EECS500 Fall 2014 Distinguished Lecture

Tandy Warnow
New HMM-based methods for Ultra-large Alignment and Phylogeny Estimation
University of Illinois at Urbana-Champaign
White 411
September 16, 2014

Multiple sequence alignment of datasets containing many thousands of sequences is a challenging problem with applications in phylogeny estimation, protein structure and function prediction, taxon identification of metagenomic data, etc. However, few methods can analyze large datasets, and none have been shown to have good accuracy on datasets with more than about 10,000 sequences, especially if the sequence datasets have evolved with high rates of evolution. In this talk, I will present a new method to obtain highly accurate estimations of large-scale multiple sequence alignments and phylogenies. The basic idea is to use a family of Hidden Markov Models (HMMs) to represent a "seed alignment", and then align all the remaining sequences to the seed alignment. Our method, UPP, returns very accurate alignments, and trees on these alignments are also very accurate - even on datasets with as many as 1,000,000 sequences. Furthermore, UPP is both fast and very scalable, so that the analysis of the 1-million taxon dataset took only 24 hours using 12 cores and small amounts of memory. Finally, this "HMM Family" technique can also be used for other machine learning problems, including taxon identication of metagenomic data.

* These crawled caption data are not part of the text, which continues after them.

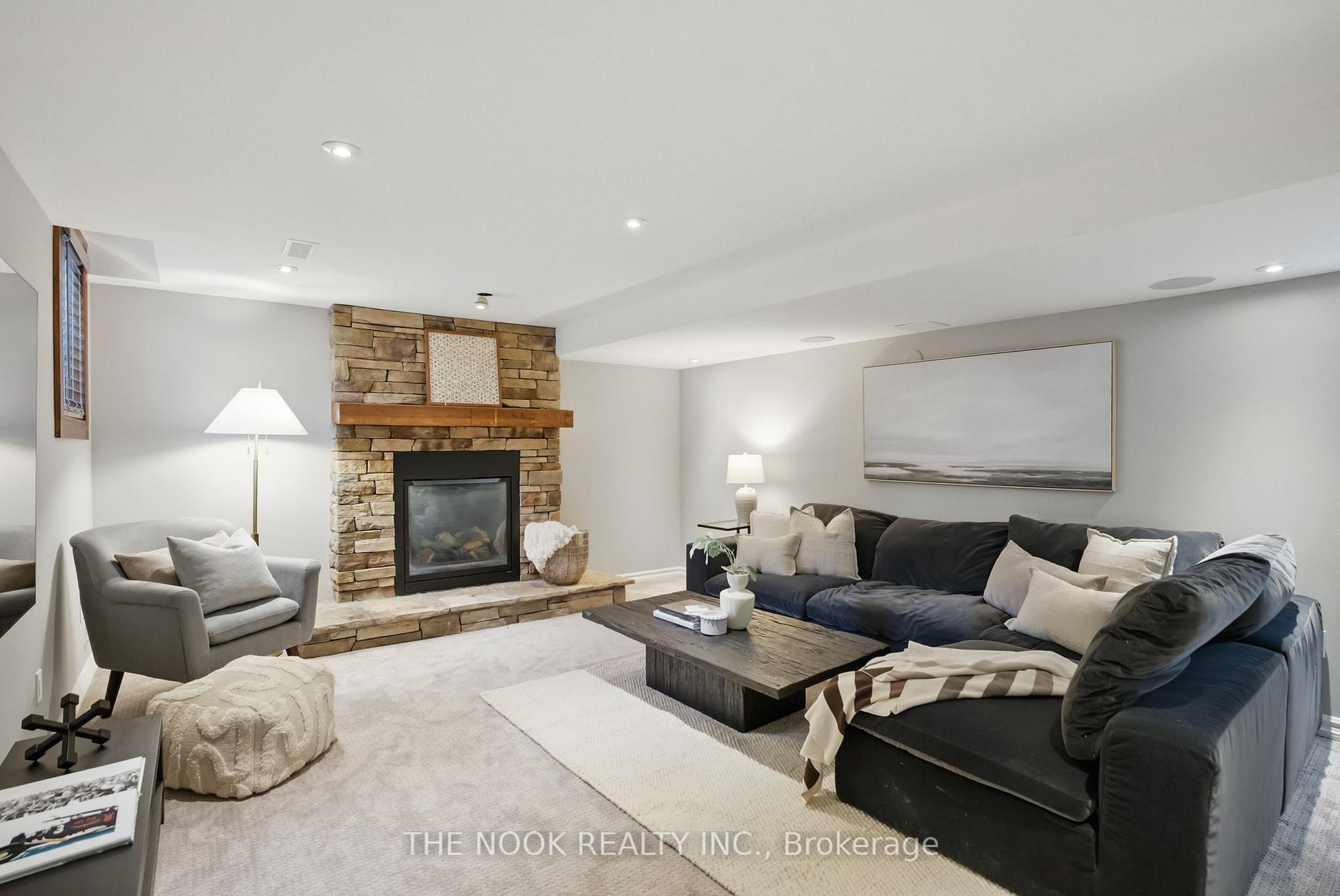 Photo 41 of 40 Rainbow Crescent, Whitby, Brooklin — HOMEH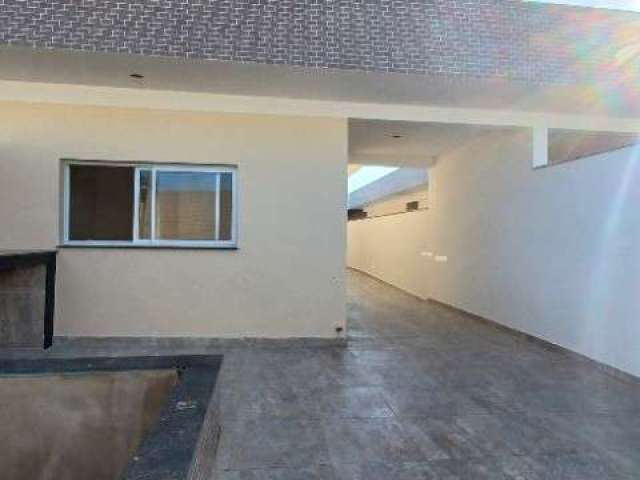 Imperdível: Casa à venda em Itanhaém-SP, bairro Cibratel, 3 quartos, 1 suíte, 2 salas, 2 banheiros, 2 vagas de garagem, 86m²!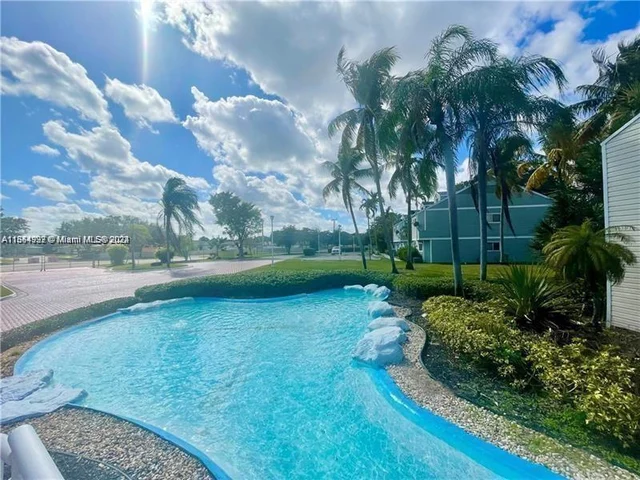 3421 NW 44th St # 206, Oakland Park FL 33309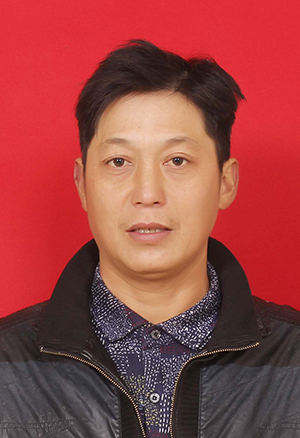 程亮（房建施工員）
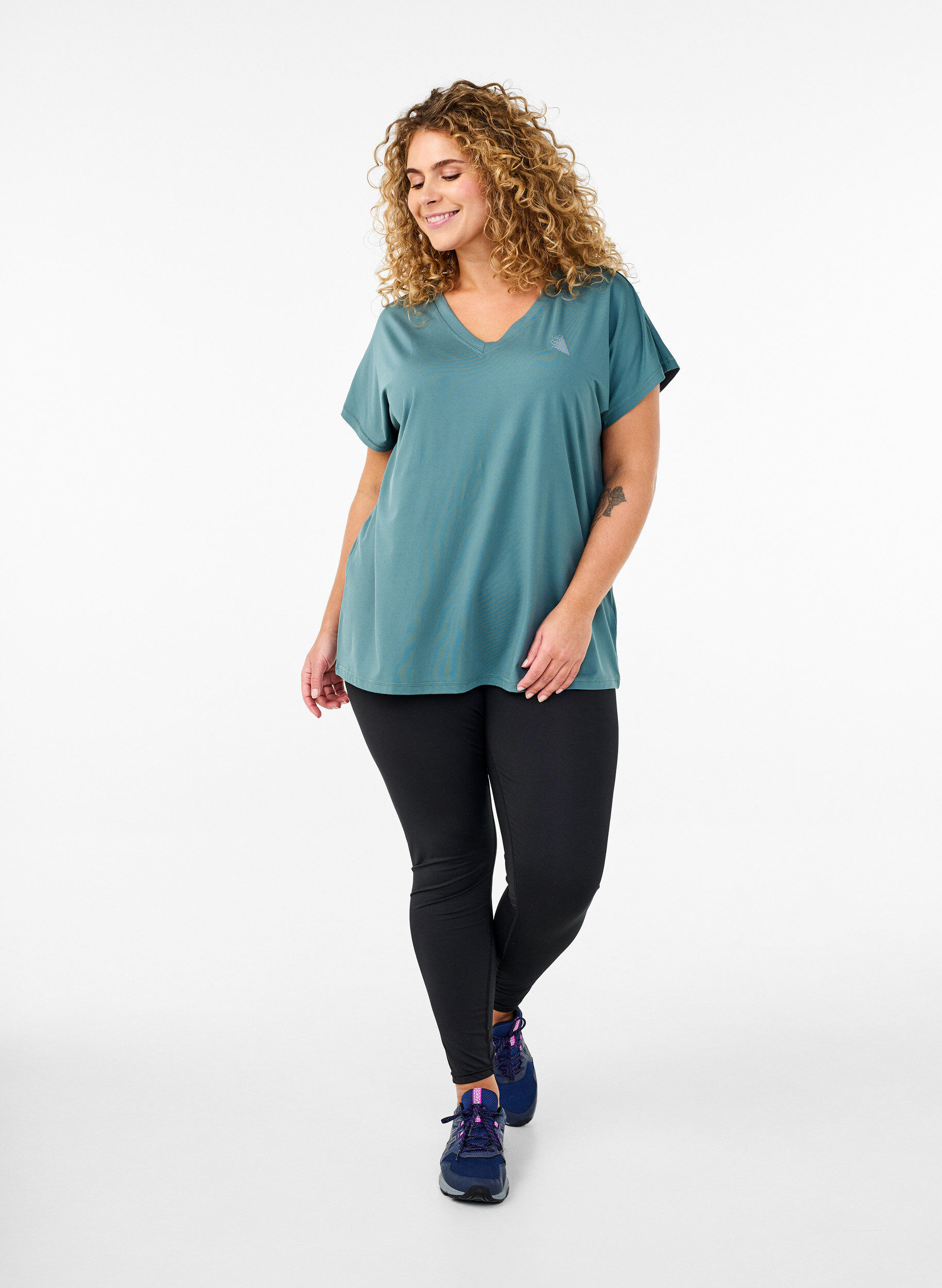 Zizzifashion Loose training t-shirt with v-neck, Green, Model image number 1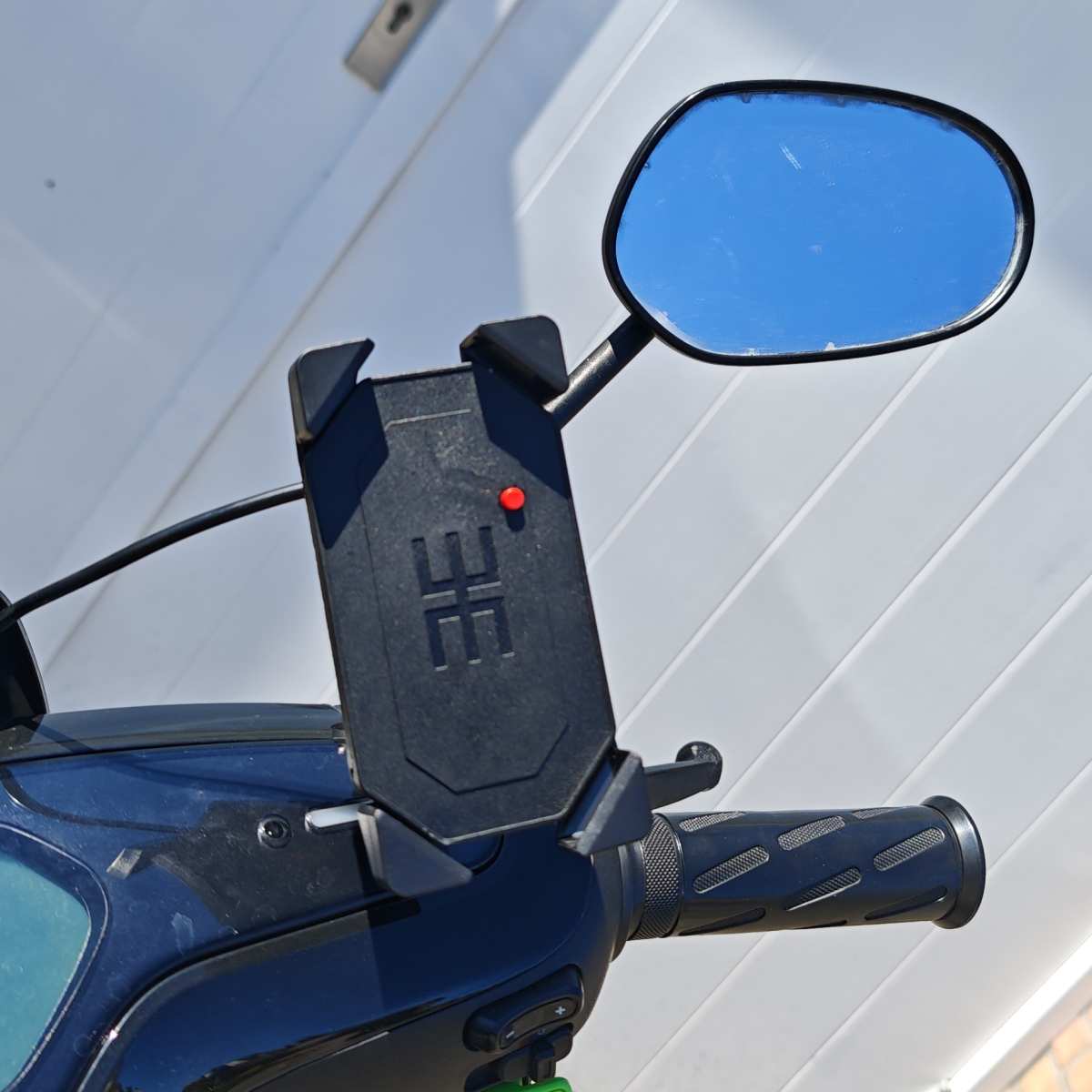 Telefoonhouder met USB-lader universeel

Tandy Warnow is the Founder Professor of Bioengineering and Computer Science at the University of Illinois at Urbana-Champaign.  Her research combines mathematics, computer science, and statistics to develop improved models and algorithms for reconstructing complex and large-scale evolutionary histories in both biology and historical linguistics.

Tandy received her PhD in Mathematics at UC Berkeley under the direction of Gene Lawler, and did postdoctoral training with Simon Tavare and Michael Waterman at USC.  She received the National Science Foundation Young Investigator Award in 1994, the David and Lucile Packard Foundation Award in Science and Engineering in 1996, a Radcliffe Institute Fellowship in 2006,

and a Guggenheim Foundation Fellowship for 2011. Her current research focuses on phylogeny and alignment estimation for very large datasets (10,000 to 500,000 sequences), estimating species trees from collections of gene trees, and metagenomics.